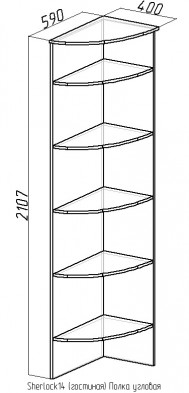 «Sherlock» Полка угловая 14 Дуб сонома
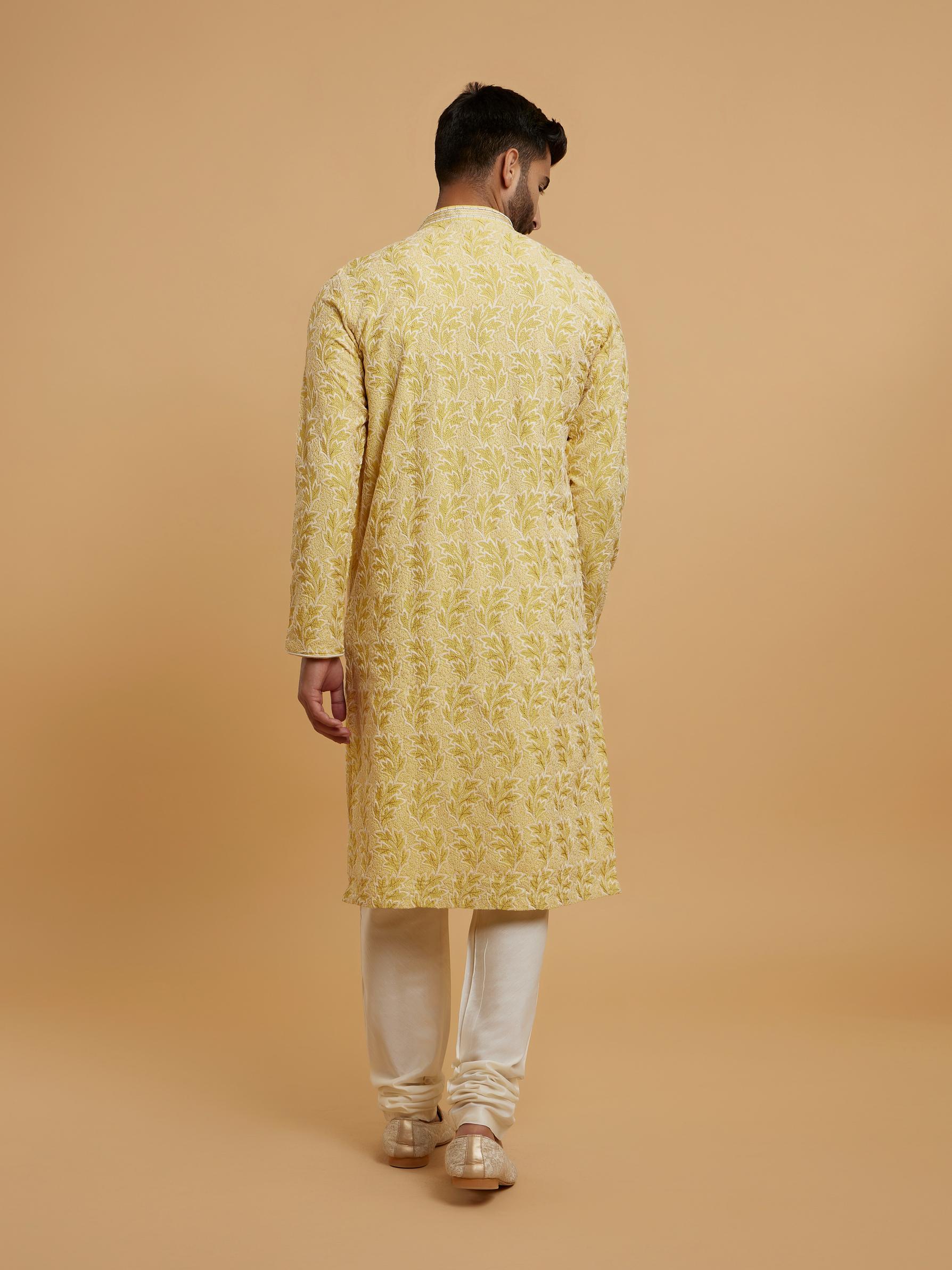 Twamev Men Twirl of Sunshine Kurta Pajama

-- -- --

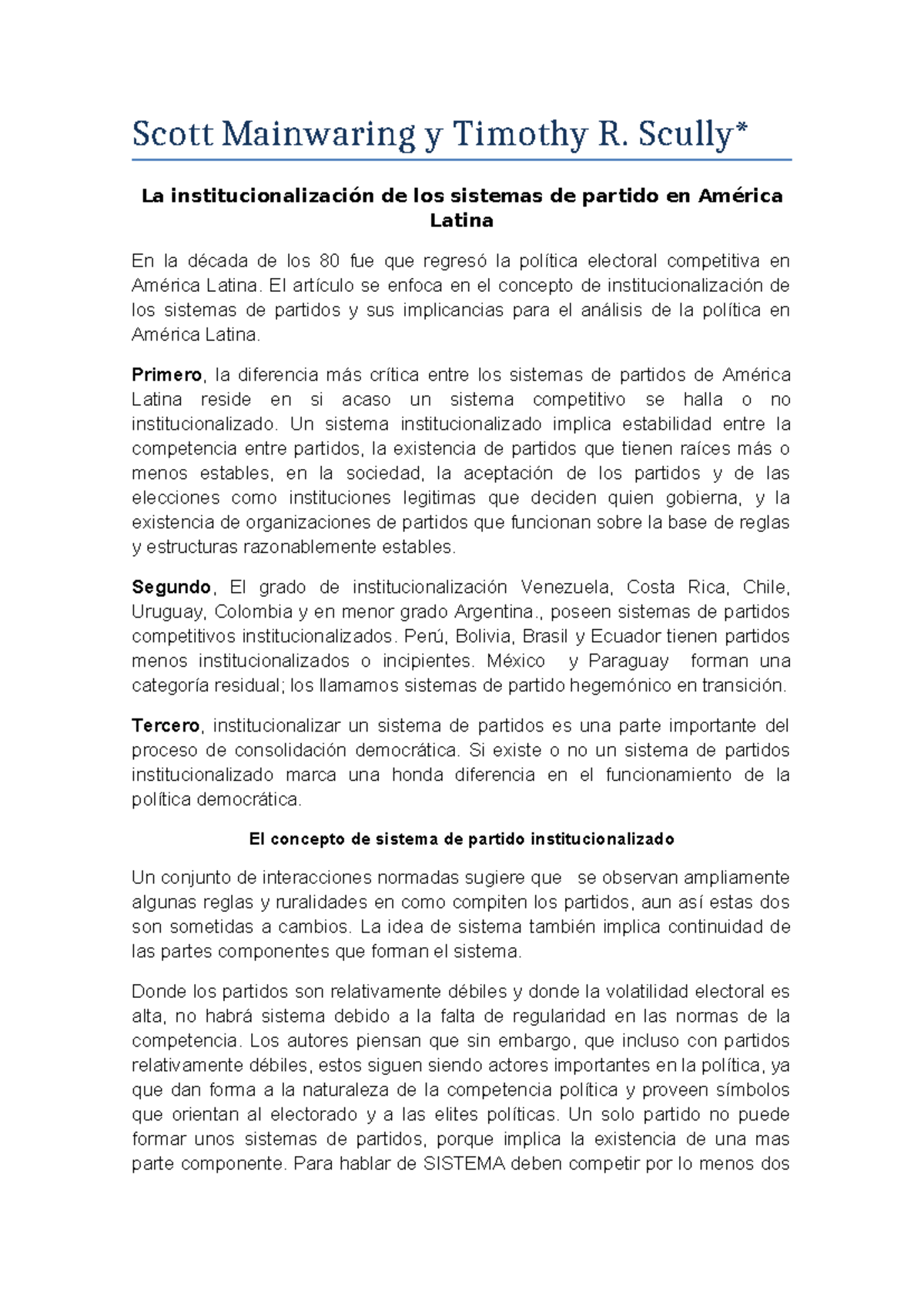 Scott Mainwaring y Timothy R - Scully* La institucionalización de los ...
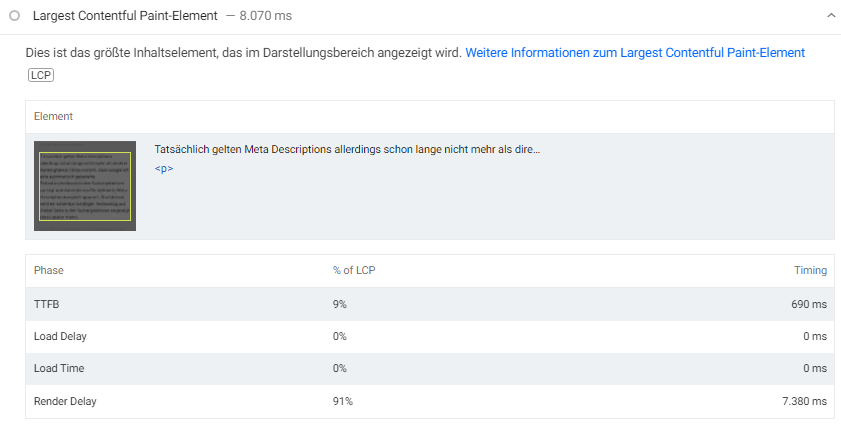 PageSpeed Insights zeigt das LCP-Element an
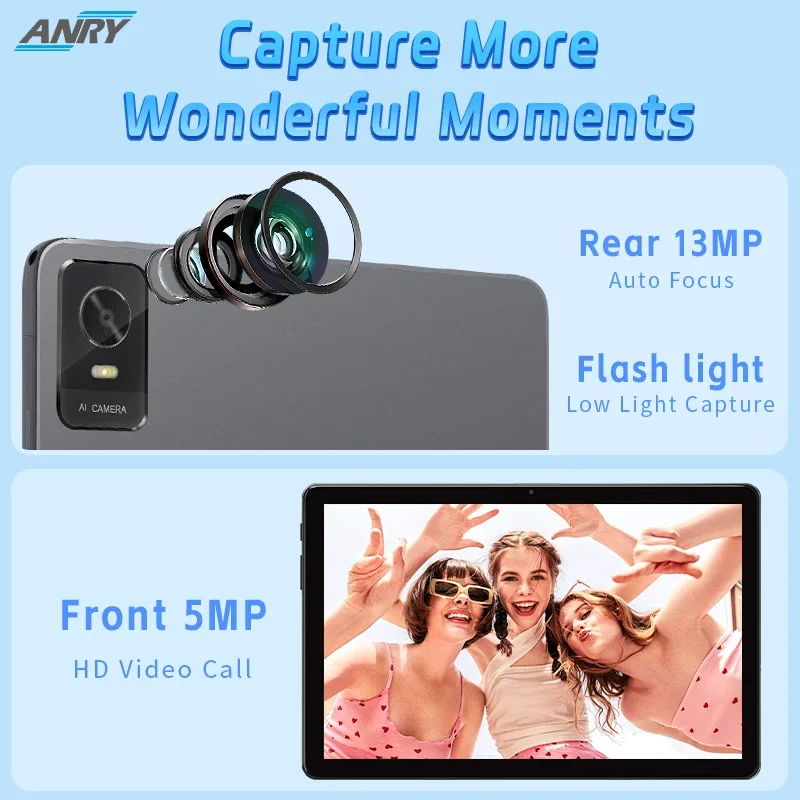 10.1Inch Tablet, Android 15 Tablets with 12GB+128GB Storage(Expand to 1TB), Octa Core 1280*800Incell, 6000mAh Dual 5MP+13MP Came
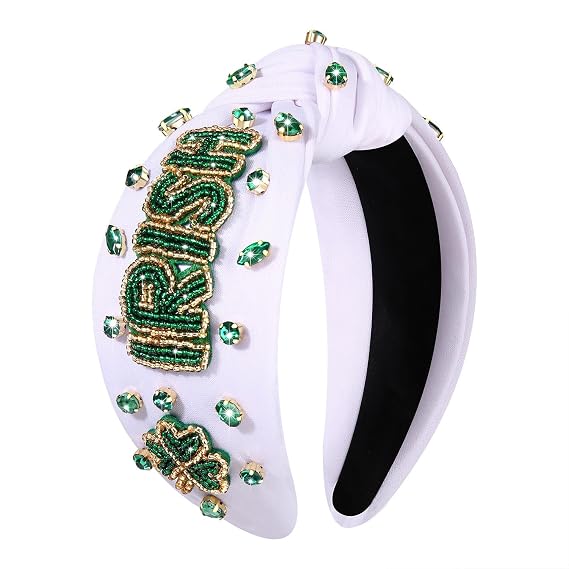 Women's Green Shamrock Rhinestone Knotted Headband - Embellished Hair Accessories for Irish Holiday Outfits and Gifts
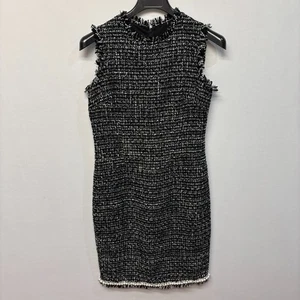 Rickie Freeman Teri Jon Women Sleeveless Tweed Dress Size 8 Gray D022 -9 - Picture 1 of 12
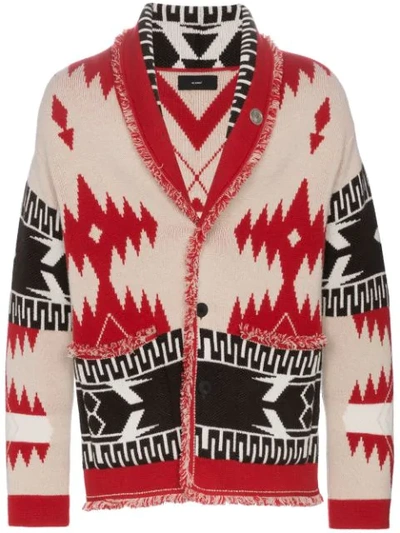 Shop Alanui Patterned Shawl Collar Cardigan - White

-- -- --

→ ASSIGNMENT
Set down, exactly as written above, each line from the one with "14 Дуб сонома" through the one with "Twamev Men Twirl of Sunshine Kurta Pajama", and skip the pictures.

→ THE ANSWER
 «Sherlock» Полка угловая 14 Дуб сонома
 Twamev Men Twirl of Sunshine Kurta Pajama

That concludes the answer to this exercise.